Yue Wang interviews Chuck Bigelow for TUGboat, available as PDF HERE. Here's an excerpt -
"Digital design tools and rendering enable greater precision and regularity in type forms, but the risk is that the designs look boring — too regulated, too repetitive, too rigid, too homogenized. Randomly adding irregularity doesn’t improve the appearance — the designs then look boring but awkward. Some graphic and interface designers want neutrality in typography, but I don’t believe that any type design is truly neutral. Every typeface carries some degree of expressiveness, even those intended to be plain, simple, and neutral. For example, a user-interface in Helvetica expresses a different feeling than one in Lucida, but the two designs are similar in weight and x-height. Helvetica is more modernist, Lucida more humanist. Helvetica more carved, Lucida, more handwritten. Helvetica more tightly spaced, Lucida more open. A Swiss poet made a memorable comparison of the feeling of Helvetica compared to Syntax Antiqua, a very readable sans-serif typeface by Hans E. Meier, which is even more closely based on humanist handwriting and early Renaissance typography than Lucida.

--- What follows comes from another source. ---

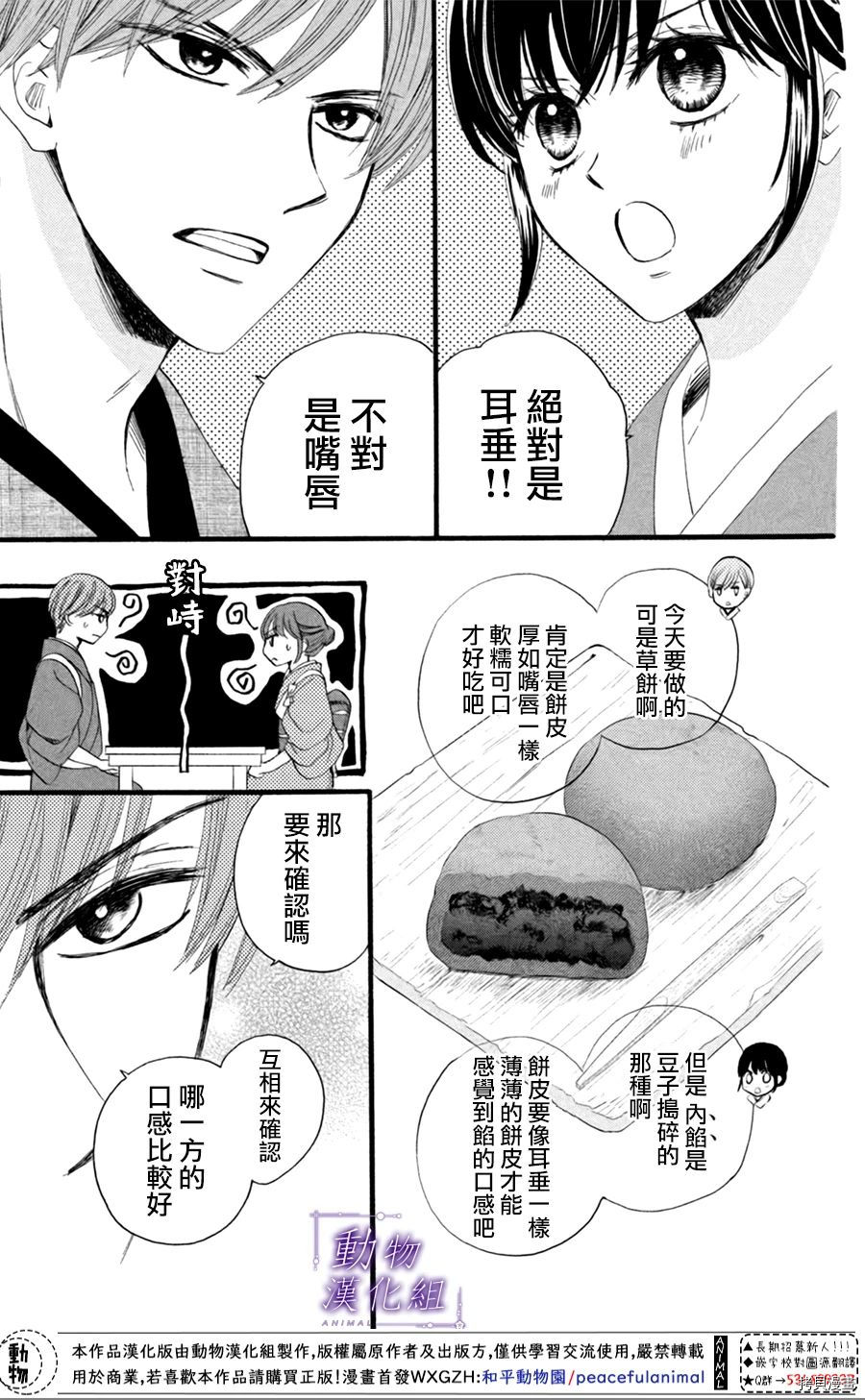 我们有点不对劲[拷贝漫画]韩漫全集-番外02无删减无遮挡章节图片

The poet said, when he reads a page in Syntax, it is like walking through a field of flowers, but when reading a page in Helvetica, it is like walking through a field of stones.
So, a problem for future designers will be: how much expressiveness to put into a type. What expression does the design convey to the reader? For the reader, highly expressive typefaces are lively but can look too complex for long texts. Free scripts can look graceful but may seem too undisciplined for modern readers accustomed to rigidly regular fonts."